AİLELER ÇOCUKLARINA NASIL YAKLAŞMALIDIR?
Tırnak yeme problemi yaşayan çocuklar, aşırı stres, baskıcı anne baba, ilgi ve sevgi eksikliği, kardeş kıskançlığı ya da ailede başka tırnak yiyen birinin varlığı gibi birçok nedenden ötürü tırnaklarını yiyebilir.
Çocuğun tırnak yemeye başladığı ilk zamanlar çok önemlidir. Bu ilk evrede eğer bu davranış görmezden gelinirse alışkanlık haline gelmeden ortadan kalkması daha olasıdır. Çünkü genelde tırnak yeme davranışı ilk etapta dikkat çekme ihtiyacıyla başlar. Çocuk, “Benimle ilgilenin, beni görün,” mesajını verir ebeveyne. Bunu başarır da. Çoğu ebeveyn tırnak yediğini gördüğü çocuğuna karşı duyarsız kalmaz ve olumsuz da olsa bir tepki verir: “Elini çek, yeme tırnağını, parmakların çok çirkin görünüyor,” gibi… Çocuk olumsuz bile olsa ebeveyninin dikkatini kendi üstüne çekmeyi başarmıştır. Sonrasında daha çok tırnak yemeye başlar. Bu durum gitgide alışkanlık halini alır ve alışkanlıklardan kurtulmak çok daha uzun süreçli ve sancılı olacaktır.
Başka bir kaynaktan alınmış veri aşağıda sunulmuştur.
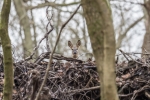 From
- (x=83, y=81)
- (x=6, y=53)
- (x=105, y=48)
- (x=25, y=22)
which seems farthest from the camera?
(x=25, y=22)

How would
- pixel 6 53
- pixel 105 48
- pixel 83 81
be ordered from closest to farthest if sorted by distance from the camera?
pixel 105 48, pixel 6 53, pixel 83 81

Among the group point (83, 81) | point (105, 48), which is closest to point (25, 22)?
point (83, 81)

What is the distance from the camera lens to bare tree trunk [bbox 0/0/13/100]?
3.09 metres

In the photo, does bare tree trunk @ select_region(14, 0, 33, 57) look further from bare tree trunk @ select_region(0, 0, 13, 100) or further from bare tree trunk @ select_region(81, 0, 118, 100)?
bare tree trunk @ select_region(81, 0, 118, 100)

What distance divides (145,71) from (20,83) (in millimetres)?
1331

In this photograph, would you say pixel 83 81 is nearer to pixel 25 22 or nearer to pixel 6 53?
pixel 6 53

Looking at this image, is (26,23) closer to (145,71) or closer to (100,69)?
(145,71)

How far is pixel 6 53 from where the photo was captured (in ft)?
10.4

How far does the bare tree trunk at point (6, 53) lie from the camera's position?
122 inches

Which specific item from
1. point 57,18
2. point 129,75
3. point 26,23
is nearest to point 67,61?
point 129,75

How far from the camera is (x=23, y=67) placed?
412cm

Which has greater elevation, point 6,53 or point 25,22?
point 25,22

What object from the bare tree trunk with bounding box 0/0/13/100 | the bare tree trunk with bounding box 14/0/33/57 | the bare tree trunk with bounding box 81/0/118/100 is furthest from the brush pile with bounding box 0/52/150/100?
the bare tree trunk with bounding box 14/0/33/57

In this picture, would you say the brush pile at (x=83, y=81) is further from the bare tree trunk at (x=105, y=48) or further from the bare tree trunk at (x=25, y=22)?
the bare tree trunk at (x=25, y=22) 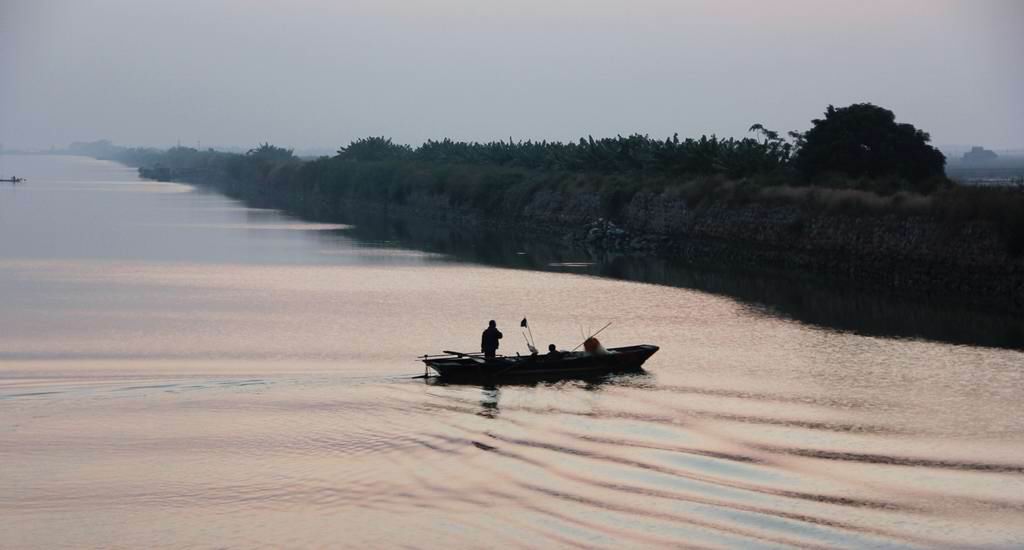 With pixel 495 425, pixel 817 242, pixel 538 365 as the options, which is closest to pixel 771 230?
pixel 817 242

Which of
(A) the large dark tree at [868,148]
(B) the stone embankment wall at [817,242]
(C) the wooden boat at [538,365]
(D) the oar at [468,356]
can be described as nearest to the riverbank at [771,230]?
(B) the stone embankment wall at [817,242]

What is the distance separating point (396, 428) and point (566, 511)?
653 cm

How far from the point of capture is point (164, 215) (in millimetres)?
103000

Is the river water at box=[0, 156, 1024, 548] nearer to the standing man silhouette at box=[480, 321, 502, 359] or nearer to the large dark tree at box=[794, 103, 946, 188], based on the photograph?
the standing man silhouette at box=[480, 321, 502, 359]

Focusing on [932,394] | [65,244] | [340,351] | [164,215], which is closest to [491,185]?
[164,215]

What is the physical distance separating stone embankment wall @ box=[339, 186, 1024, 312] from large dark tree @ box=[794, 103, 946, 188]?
15.9 ft

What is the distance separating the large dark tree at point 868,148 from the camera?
2537 inches

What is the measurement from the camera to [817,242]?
5884 centimetres

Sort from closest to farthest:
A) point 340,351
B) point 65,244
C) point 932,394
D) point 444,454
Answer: point 444,454 < point 932,394 < point 340,351 < point 65,244

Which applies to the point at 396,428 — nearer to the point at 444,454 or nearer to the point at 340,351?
the point at 444,454

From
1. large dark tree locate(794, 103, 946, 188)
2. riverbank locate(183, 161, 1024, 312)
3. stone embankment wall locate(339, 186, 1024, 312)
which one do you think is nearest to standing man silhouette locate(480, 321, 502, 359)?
riverbank locate(183, 161, 1024, 312)

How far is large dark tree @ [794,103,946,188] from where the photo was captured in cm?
6444

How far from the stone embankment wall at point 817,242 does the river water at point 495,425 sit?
168 inches

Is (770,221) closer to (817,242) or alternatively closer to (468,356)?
(817,242) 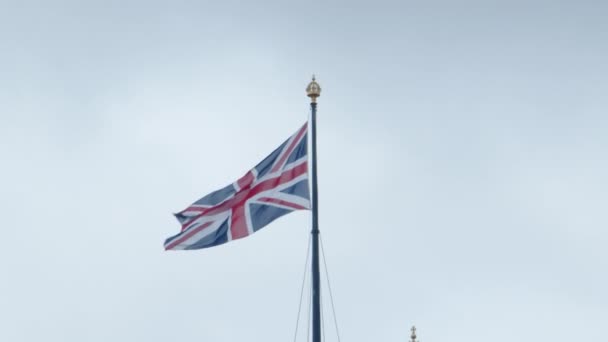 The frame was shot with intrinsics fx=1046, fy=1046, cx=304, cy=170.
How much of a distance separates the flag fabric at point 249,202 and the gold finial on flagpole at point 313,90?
1.03m

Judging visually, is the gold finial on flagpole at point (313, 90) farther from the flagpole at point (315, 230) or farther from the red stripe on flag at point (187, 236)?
the red stripe on flag at point (187, 236)

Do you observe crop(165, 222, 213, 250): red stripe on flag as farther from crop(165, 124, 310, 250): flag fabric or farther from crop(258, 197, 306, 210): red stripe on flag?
crop(258, 197, 306, 210): red stripe on flag

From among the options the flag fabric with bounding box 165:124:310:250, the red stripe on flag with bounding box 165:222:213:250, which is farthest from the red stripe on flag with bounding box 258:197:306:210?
the red stripe on flag with bounding box 165:222:213:250

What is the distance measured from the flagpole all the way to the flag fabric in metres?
0.44

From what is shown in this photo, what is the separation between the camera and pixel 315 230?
30484 millimetres

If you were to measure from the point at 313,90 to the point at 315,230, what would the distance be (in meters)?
4.84

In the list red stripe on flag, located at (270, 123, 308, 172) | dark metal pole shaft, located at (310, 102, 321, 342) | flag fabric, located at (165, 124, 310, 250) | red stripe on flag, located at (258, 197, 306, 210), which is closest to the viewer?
dark metal pole shaft, located at (310, 102, 321, 342)

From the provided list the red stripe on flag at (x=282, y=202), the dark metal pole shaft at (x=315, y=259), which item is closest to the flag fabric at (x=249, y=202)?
the red stripe on flag at (x=282, y=202)

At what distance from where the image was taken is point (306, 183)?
31.7 meters

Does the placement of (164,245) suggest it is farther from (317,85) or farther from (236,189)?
(317,85)

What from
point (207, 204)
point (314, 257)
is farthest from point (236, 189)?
point (314, 257)

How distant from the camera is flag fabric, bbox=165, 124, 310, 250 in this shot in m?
31.9

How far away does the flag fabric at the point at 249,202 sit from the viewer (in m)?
31.9

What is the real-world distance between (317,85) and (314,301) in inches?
282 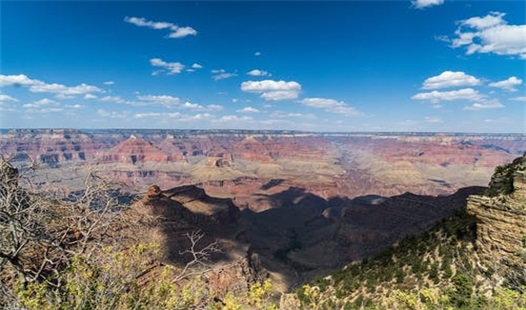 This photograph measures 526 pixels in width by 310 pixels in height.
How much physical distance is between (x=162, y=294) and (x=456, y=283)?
24.8 m

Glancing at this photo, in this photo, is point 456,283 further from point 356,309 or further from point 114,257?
point 114,257

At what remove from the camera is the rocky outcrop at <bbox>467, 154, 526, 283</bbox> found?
27.6 meters

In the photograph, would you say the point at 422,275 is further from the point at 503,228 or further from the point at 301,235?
the point at 301,235

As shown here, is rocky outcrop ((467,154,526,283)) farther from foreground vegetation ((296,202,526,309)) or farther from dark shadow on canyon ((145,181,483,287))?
dark shadow on canyon ((145,181,483,287))

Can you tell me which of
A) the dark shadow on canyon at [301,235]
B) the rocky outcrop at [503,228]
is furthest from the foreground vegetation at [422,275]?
the dark shadow on canyon at [301,235]

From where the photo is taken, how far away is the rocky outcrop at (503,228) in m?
27.6

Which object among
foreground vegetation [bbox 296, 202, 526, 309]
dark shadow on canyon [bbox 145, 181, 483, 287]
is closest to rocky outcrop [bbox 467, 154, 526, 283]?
foreground vegetation [bbox 296, 202, 526, 309]

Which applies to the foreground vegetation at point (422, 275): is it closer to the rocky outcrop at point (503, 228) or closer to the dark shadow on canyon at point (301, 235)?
the rocky outcrop at point (503, 228)

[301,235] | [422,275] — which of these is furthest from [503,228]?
[301,235]

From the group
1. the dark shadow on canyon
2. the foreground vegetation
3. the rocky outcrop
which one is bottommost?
the dark shadow on canyon

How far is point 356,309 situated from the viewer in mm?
31609

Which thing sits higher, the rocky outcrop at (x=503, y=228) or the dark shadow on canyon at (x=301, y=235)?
the rocky outcrop at (x=503, y=228)

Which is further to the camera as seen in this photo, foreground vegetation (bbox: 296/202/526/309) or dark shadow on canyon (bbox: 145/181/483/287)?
dark shadow on canyon (bbox: 145/181/483/287)

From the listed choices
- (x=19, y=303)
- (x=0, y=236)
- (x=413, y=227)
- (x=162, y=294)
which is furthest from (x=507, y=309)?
(x=413, y=227)
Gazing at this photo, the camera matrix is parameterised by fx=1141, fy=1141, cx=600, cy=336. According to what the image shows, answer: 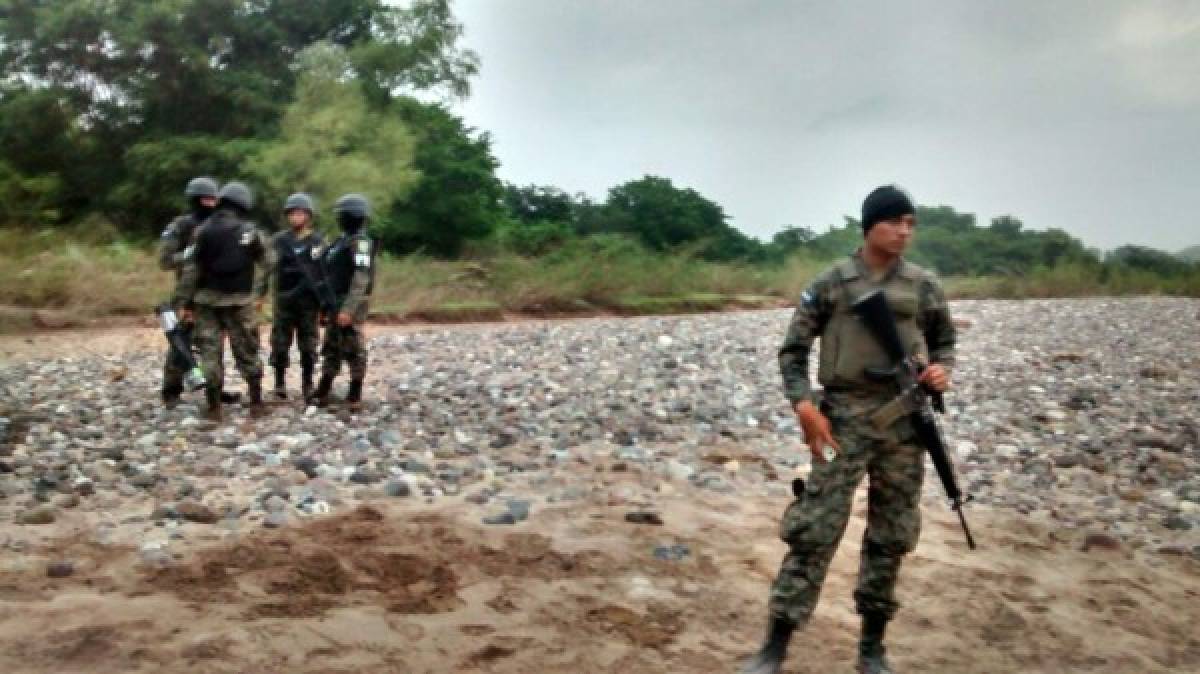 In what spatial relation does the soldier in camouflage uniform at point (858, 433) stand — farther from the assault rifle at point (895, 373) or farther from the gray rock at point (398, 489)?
the gray rock at point (398, 489)

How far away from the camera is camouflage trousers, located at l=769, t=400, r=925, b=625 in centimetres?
426

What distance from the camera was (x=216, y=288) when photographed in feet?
29.4

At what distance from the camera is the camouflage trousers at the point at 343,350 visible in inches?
368

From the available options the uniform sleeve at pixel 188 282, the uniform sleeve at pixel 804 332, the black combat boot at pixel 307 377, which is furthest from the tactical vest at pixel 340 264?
the uniform sleeve at pixel 804 332

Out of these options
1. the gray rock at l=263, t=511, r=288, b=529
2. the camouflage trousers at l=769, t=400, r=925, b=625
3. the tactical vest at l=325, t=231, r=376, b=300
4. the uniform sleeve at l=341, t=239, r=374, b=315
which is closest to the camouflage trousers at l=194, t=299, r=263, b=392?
the tactical vest at l=325, t=231, r=376, b=300

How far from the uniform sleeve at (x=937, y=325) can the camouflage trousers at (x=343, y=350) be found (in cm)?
579

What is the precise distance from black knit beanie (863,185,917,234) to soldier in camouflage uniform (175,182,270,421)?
602 centimetres

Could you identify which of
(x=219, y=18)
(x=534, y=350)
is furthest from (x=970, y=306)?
(x=219, y=18)

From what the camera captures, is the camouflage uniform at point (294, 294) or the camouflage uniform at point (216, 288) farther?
the camouflage uniform at point (294, 294)

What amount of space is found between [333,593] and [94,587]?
41.2 inches

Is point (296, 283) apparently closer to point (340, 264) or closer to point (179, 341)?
point (340, 264)

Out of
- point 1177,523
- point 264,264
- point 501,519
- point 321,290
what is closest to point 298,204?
point 264,264

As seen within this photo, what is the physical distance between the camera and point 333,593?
5.04 metres

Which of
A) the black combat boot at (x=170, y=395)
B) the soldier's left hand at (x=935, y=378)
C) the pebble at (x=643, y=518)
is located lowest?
the pebble at (x=643, y=518)
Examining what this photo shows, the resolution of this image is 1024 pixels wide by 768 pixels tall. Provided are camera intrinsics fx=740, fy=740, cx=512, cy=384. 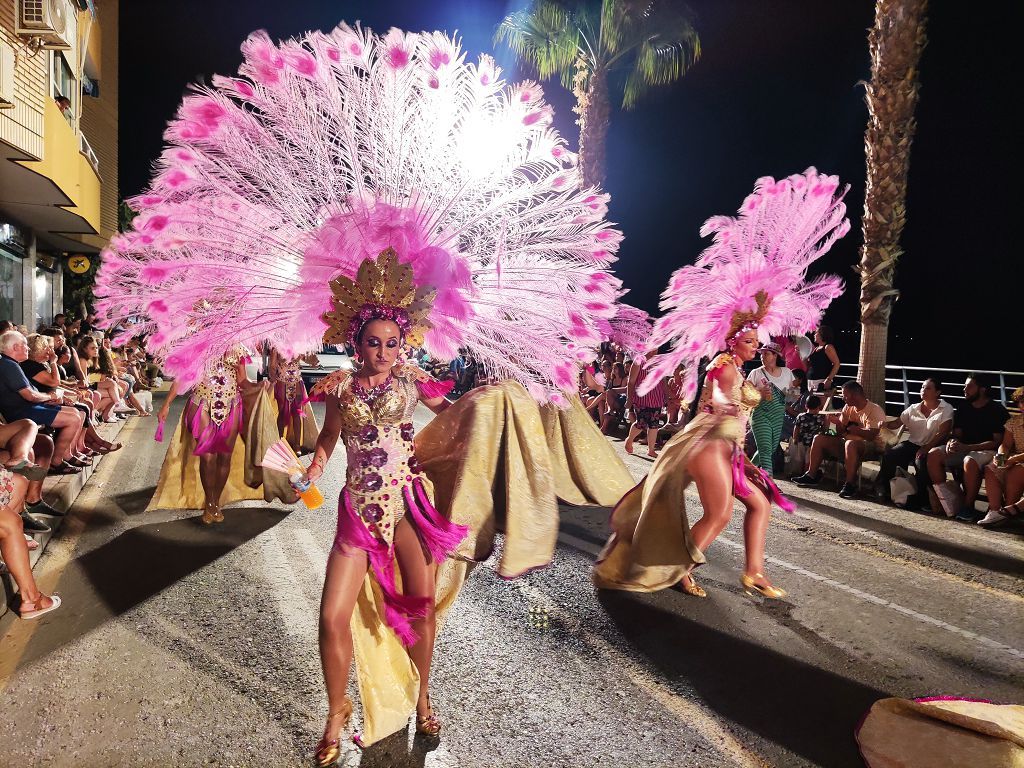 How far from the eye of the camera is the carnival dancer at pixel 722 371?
492 cm

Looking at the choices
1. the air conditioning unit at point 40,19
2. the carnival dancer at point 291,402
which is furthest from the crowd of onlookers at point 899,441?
the air conditioning unit at point 40,19

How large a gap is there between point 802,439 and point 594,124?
9.51 m

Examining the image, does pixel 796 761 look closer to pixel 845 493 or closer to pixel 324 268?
pixel 324 268

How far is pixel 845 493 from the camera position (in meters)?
8.75

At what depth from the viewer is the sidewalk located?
14.8 feet

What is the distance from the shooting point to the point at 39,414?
7641 millimetres

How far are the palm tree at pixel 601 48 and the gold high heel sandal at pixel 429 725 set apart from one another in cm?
1461

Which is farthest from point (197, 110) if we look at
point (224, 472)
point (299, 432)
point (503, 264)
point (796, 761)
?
point (299, 432)

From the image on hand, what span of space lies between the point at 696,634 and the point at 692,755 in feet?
4.44

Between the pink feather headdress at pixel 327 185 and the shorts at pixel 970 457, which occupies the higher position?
the pink feather headdress at pixel 327 185

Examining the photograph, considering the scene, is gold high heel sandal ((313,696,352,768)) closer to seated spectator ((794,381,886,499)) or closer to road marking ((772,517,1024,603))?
road marking ((772,517,1024,603))

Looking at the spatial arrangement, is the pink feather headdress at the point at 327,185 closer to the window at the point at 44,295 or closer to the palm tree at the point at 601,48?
the palm tree at the point at 601,48

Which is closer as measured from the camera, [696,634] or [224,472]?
[696,634]

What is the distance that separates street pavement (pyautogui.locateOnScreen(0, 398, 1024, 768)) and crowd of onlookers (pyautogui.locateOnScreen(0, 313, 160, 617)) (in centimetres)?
34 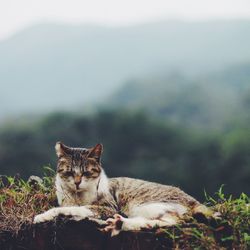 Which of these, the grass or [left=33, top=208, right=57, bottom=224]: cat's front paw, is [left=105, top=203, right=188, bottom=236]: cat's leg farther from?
[left=33, top=208, right=57, bottom=224]: cat's front paw

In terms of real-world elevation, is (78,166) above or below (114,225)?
above

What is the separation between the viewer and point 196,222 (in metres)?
7.52

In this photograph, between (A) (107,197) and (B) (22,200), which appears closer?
(A) (107,197)

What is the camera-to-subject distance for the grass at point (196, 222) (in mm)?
7383

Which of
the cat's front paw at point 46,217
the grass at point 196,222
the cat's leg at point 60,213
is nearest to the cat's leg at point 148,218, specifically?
the grass at point 196,222

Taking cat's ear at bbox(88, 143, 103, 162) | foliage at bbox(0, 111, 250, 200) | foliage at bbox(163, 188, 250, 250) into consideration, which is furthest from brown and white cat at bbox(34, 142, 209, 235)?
foliage at bbox(0, 111, 250, 200)

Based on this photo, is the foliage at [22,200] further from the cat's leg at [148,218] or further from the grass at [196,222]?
the cat's leg at [148,218]

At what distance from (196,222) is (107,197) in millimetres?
1255

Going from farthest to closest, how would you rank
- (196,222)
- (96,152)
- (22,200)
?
(96,152) → (22,200) → (196,222)

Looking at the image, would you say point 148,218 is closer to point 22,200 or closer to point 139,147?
point 22,200

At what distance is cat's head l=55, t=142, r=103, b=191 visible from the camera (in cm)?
831

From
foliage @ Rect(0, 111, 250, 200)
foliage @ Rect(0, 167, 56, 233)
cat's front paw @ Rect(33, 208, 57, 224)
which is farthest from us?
foliage @ Rect(0, 111, 250, 200)

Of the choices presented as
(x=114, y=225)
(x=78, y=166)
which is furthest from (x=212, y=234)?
(x=78, y=166)

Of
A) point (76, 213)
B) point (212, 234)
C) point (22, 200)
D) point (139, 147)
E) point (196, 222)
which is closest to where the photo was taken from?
point (212, 234) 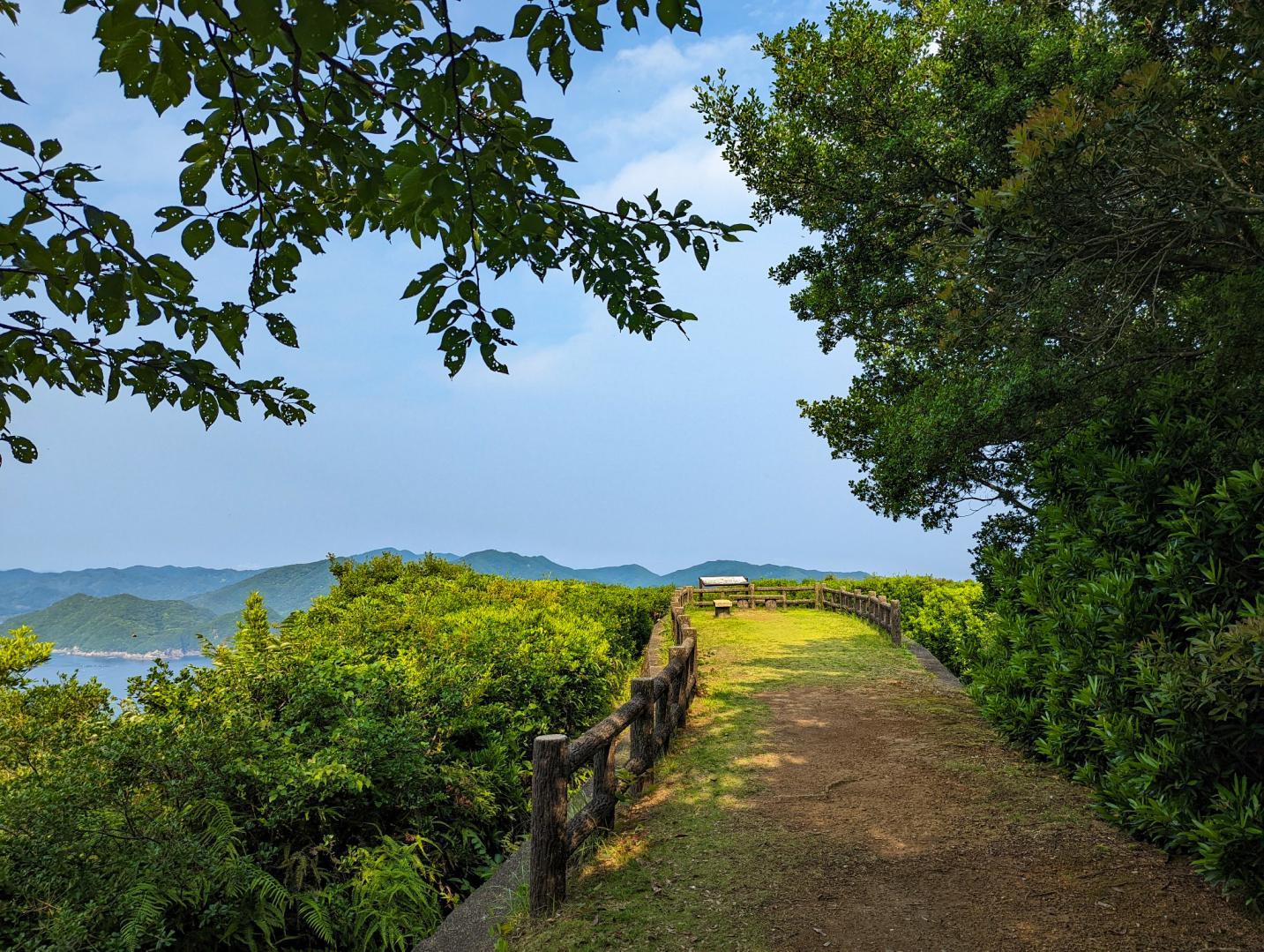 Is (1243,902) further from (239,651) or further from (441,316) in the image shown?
(239,651)

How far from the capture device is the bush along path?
13.8 feet

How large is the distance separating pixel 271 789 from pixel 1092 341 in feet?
26.1

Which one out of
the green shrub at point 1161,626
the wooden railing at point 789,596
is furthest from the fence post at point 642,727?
the wooden railing at point 789,596

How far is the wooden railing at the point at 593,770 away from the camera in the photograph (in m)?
4.54


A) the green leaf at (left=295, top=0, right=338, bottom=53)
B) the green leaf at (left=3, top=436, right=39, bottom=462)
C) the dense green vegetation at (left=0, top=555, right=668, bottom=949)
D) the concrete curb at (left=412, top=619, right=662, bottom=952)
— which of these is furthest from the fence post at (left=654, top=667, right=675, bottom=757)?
the green leaf at (left=295, top=0, right=338, bottom=53)

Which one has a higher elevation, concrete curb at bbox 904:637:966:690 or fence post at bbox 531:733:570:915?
fence post at bbox 531:733:570:915

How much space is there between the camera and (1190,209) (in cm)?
547

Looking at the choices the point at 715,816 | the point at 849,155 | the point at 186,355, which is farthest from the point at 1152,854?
the point at 849,155

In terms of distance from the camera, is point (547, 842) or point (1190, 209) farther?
point (1190, 209)

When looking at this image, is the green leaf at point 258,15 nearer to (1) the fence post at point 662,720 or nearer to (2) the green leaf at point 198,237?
(2) the green leaf at point 198,237

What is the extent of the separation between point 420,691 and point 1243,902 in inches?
246

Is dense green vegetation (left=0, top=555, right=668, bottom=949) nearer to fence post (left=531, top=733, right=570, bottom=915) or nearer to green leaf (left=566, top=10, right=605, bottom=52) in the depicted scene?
fence post (left=531, top=733, right=570, bottom=915)

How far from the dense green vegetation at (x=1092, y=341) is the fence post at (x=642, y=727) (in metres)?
3.73

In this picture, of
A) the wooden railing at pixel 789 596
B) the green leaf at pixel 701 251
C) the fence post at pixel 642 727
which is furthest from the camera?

Çocuk tırnak yeme alışkanlığını model aldığı birinden öğrenmiş de olabilir. Eğer ki evde başka tırnak yiyen bir birey yaşıyorsa çocuğun tırnak yemesi kaçınılmaz olabilir. Bu durumda, çocuktan önce bu bireyin yardım alması gerekmektedir. Aksi takdirde çocuk ne kadar yardım alsa da aynı evde yaşadığı tırnak yiyen diğer bireyden olumsuz etkilenecektir.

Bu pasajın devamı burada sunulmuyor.